Samuel Tombs, the chief UK economist at Pantheon Macroeconomics, said total borrowing this year “will be far higher, due to the new government’s fiscal activism. Admittedly, the loans to energy suppliers to facilitate the price freeze at £2,500 for the average household probably will boost debt but not borrowing, as they will be considered a financial transaction, involving the state acquiring an asset.”
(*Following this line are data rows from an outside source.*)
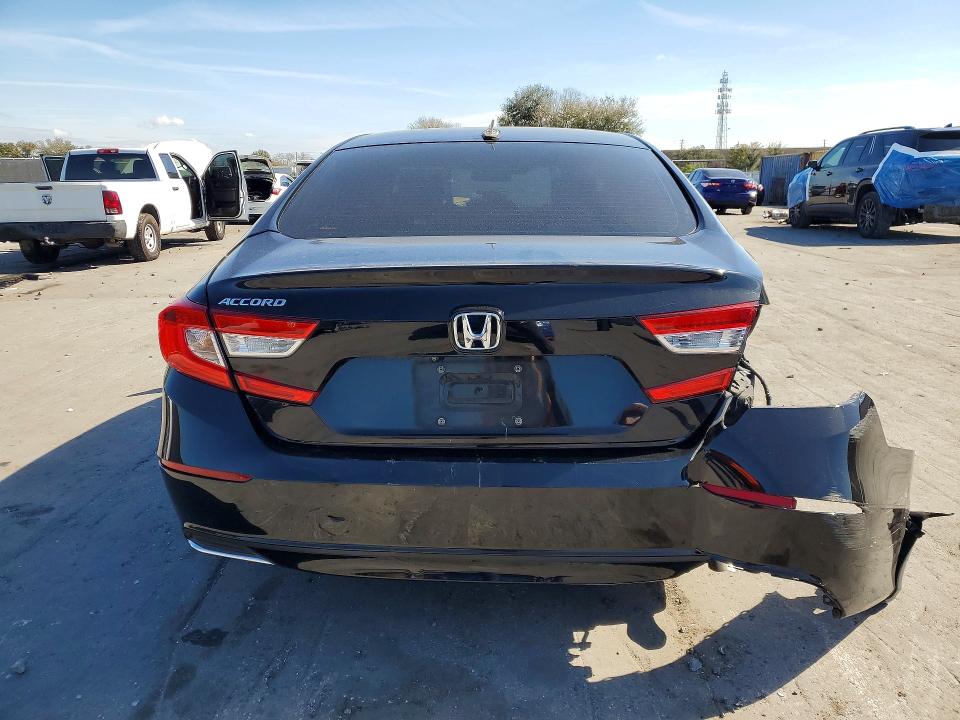 1HGCV1F14KA118393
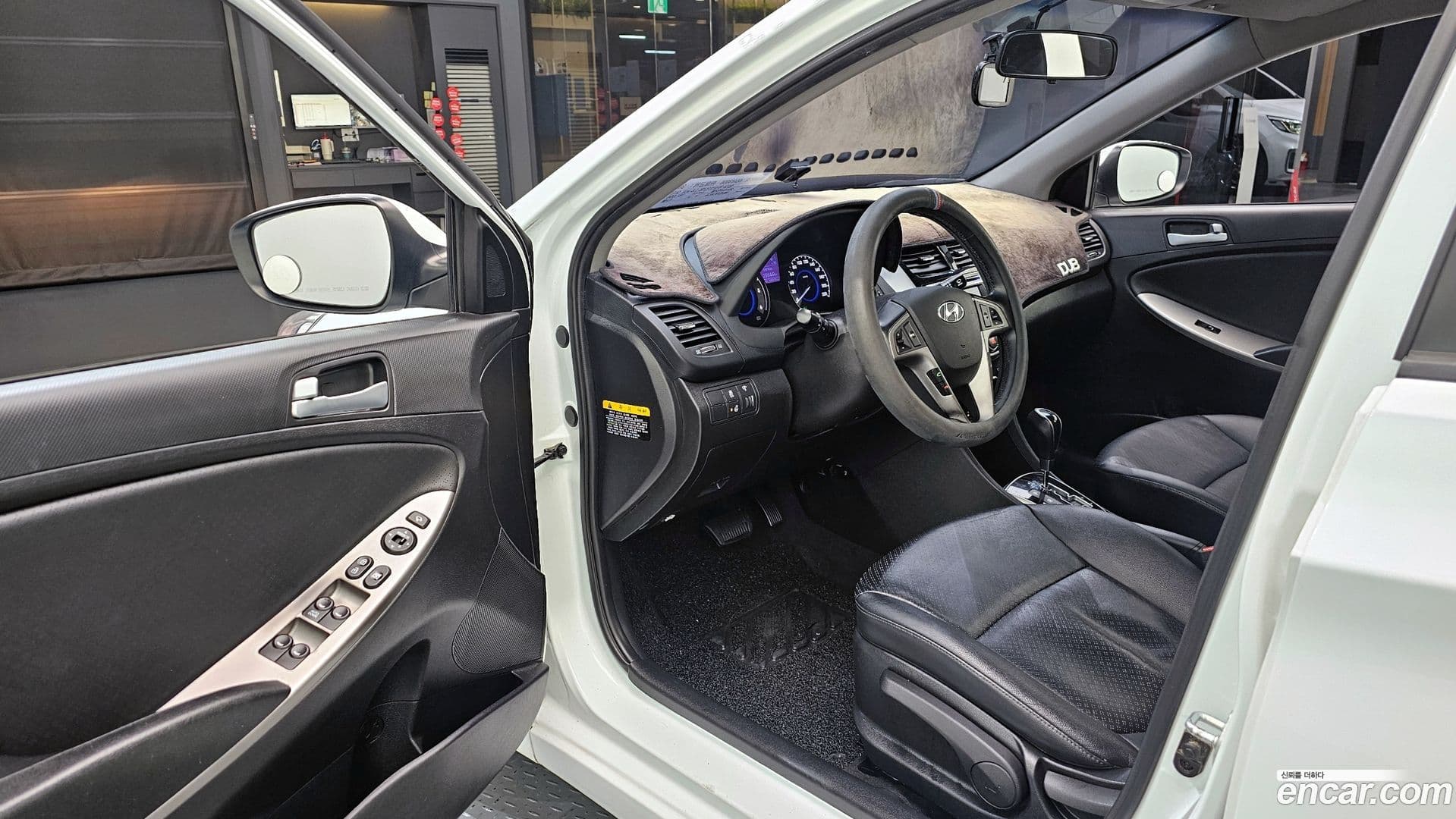 Main__Slider__Photo:Accent Hyundai 2015.1-10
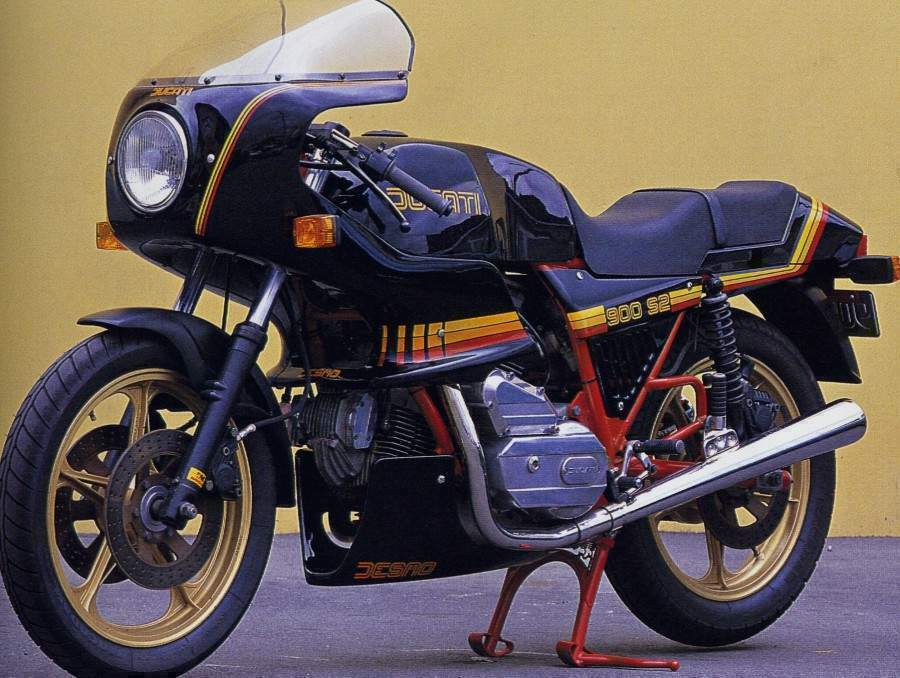 Ducati 900 store s2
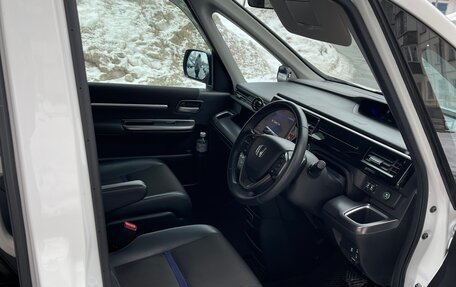 Honda Stepwgn IV, 2021 год, 2 780 000 рублей, 12 фотография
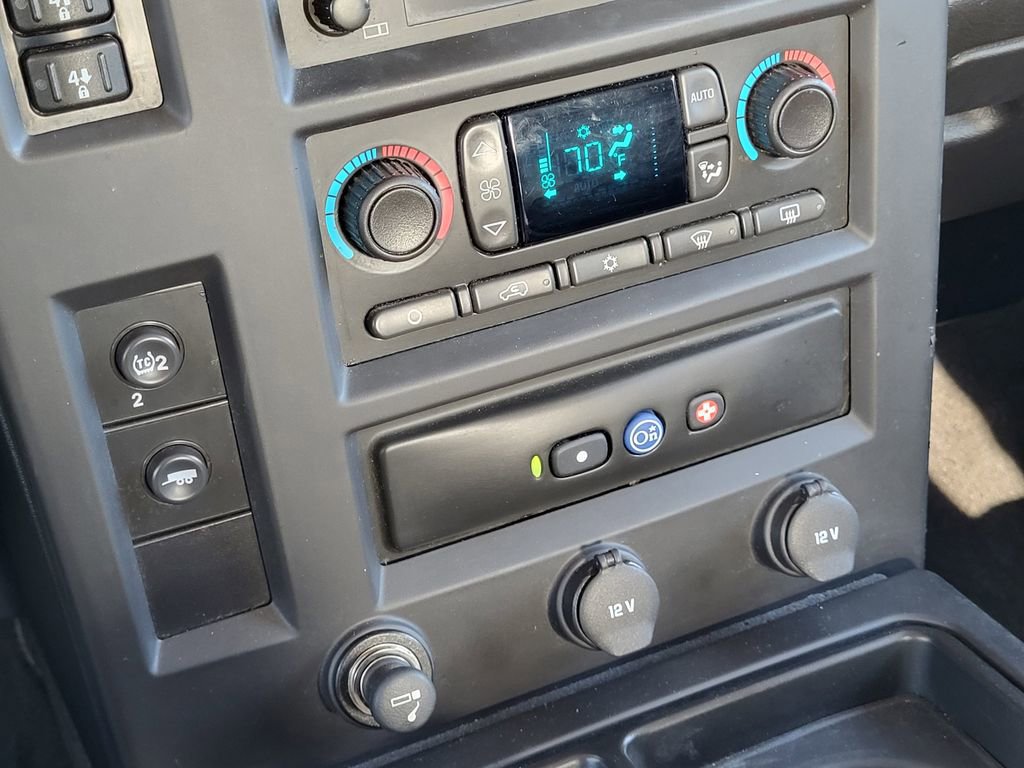 Used 2005 HUMMER H2 SUT w/ Preferred Equipment Group image 17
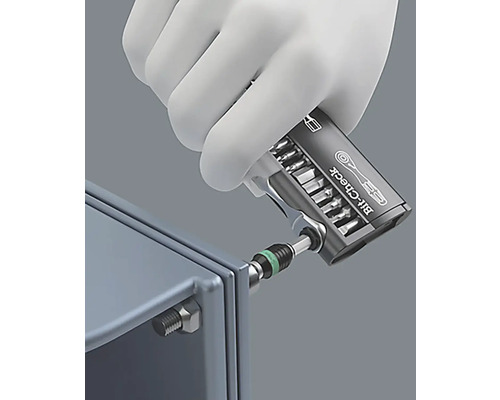 Hand met handschoen gebruikt bitcheck gereedschap om te schroeven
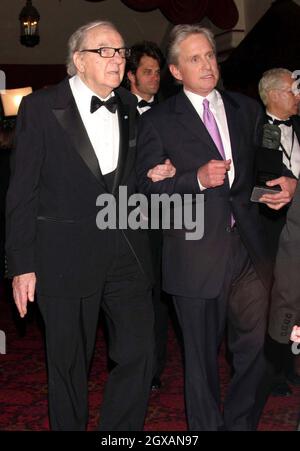 MICHAEL DOUGLAS et KARL MALDEN aux Screen Actors Guild Awards 10th 2004 qui se tiennent au Shrine Auditorium de Los Angeles, Californie, États-Unis. Banque D'Images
The government is expected to set out its measures to help households on Friday in its mini-budget. Tombs added: “The real uncertainty surrounds whether the government will attempt to cut spending in order to part-fund these tax cuts, but with departments’ expenditure coming under pressure from rising wages and energy costs, the scope for efficiency savings is modest.”
Martin Beck, the chief economic adviser at the EY Item Club forecasting group, said: “The significant fall in wholesale energy prices recently indicates that the cap on bills should prove less costly than early estimates had suggested.
“Meanwhile, Friday’s fiscal event should also offer greater clarity around the new prime minister’s tax-cutting agenda. Tax cuts will add to borrowing, but reducing the extent to which the tax burden is forecast to grow should support activity and may boost the economy’s growth potential.”